(YOUR OBJECTIVE):
Set down each line of the material that follows, exactly, with no pictures.

(DATA BELOW):
----
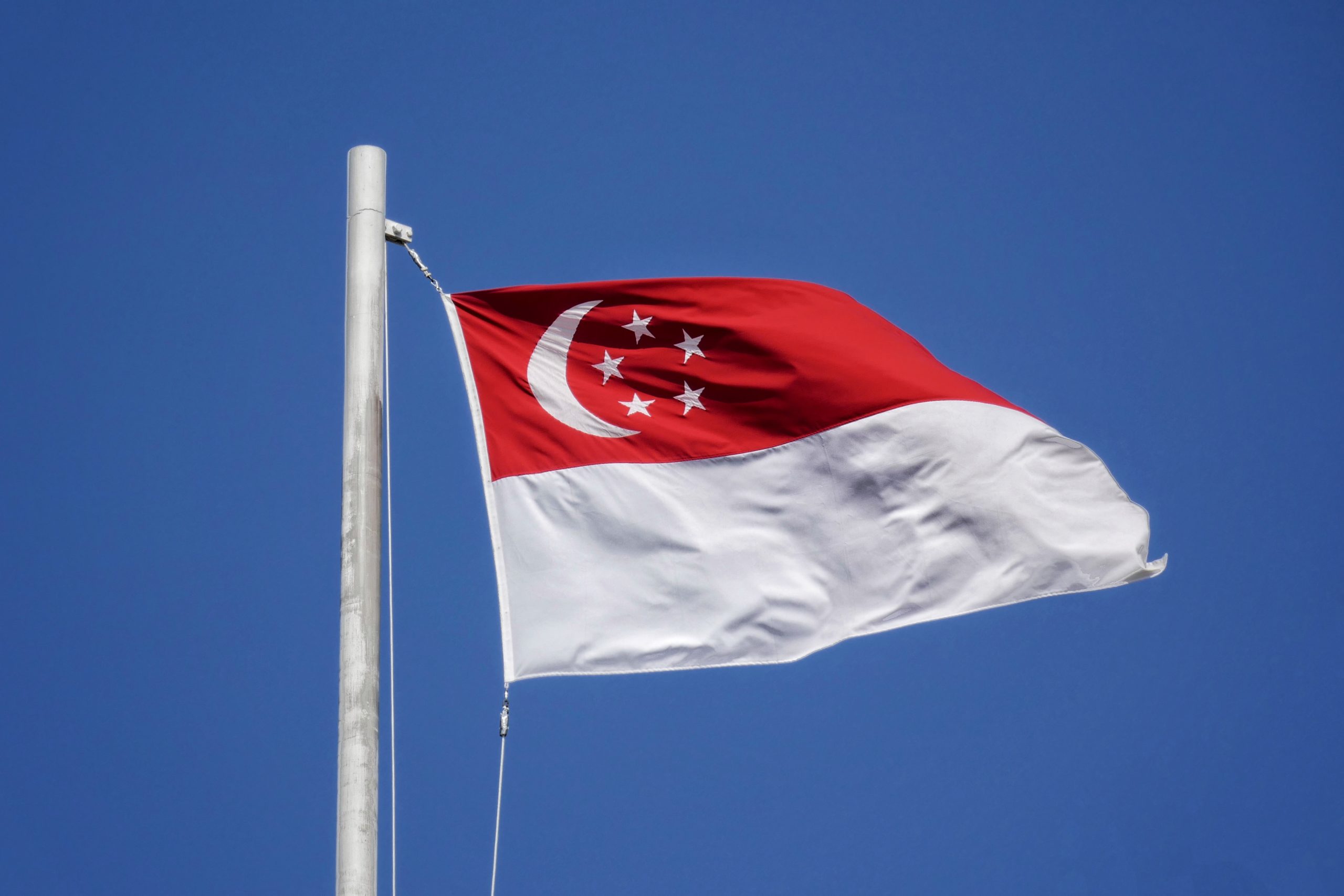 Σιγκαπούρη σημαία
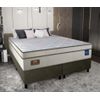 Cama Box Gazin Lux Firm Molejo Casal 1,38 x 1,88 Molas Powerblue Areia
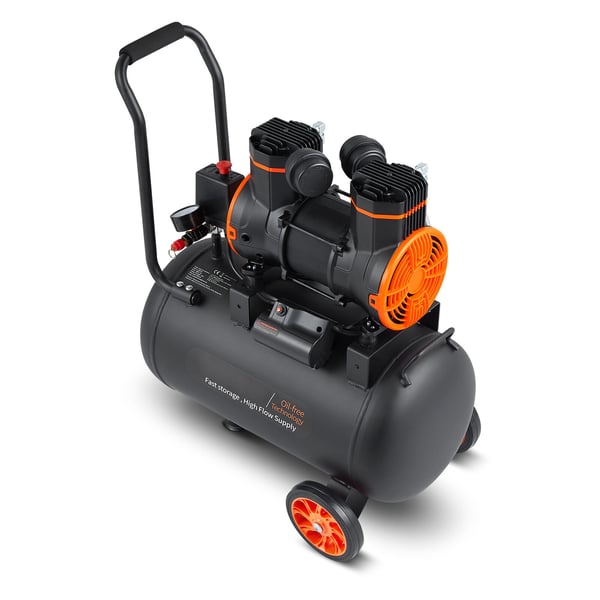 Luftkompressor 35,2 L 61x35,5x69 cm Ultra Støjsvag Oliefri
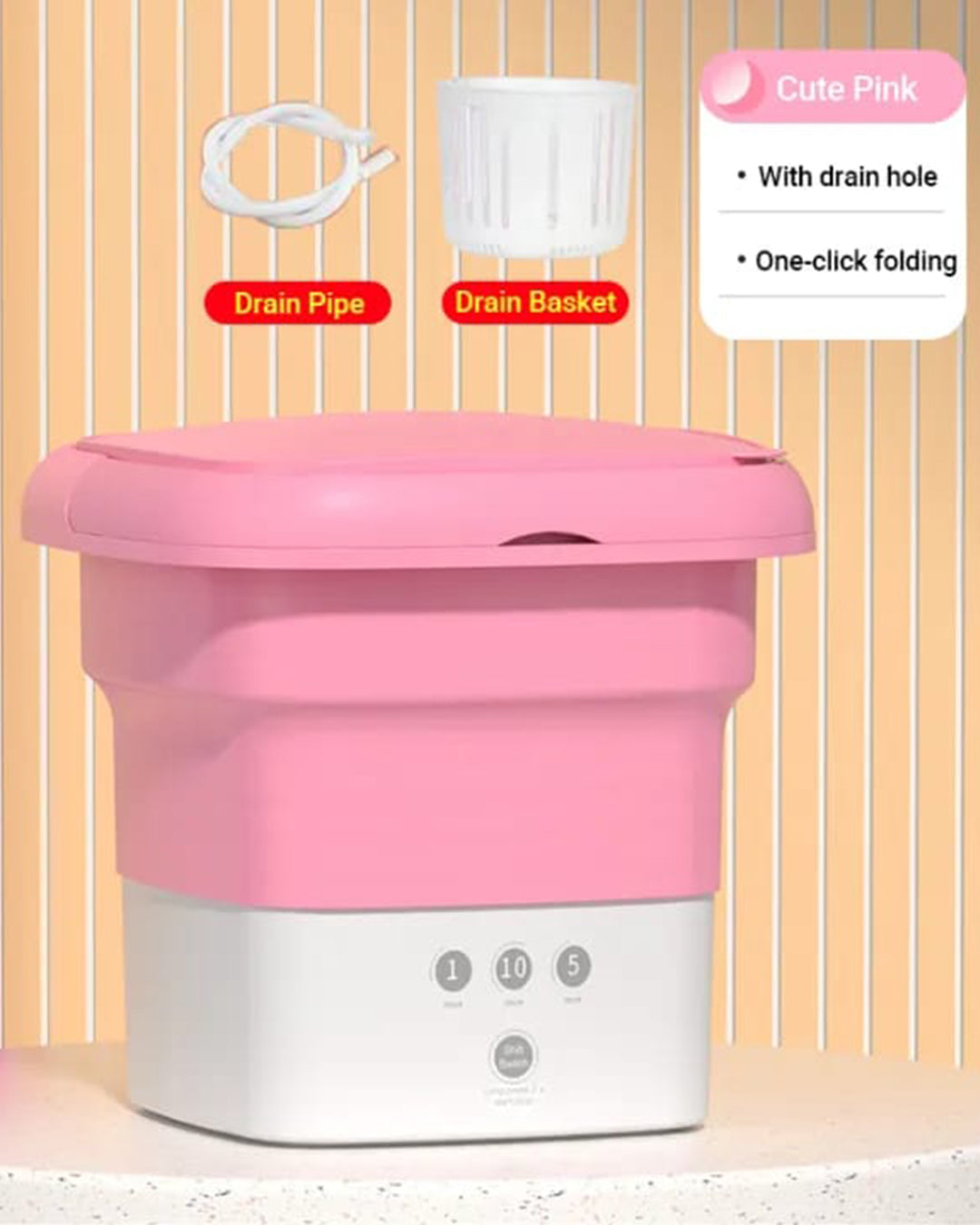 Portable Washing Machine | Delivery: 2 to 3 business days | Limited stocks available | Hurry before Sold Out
----
(SOLUTION):
 Σιγκαπούρη σημαία
 Cama Box Gazin Lux Firm Molejo Casal 1,38 x 1,88 Molas Powerblue Areia
 Luftkompressor 35,2 L 61x35,5x69 cm Ultra Støjsvag Oliefri
 Portable Washing Machine | Delivery: 2 to 3 business days | Limited stocks available | Hurry before Sold Out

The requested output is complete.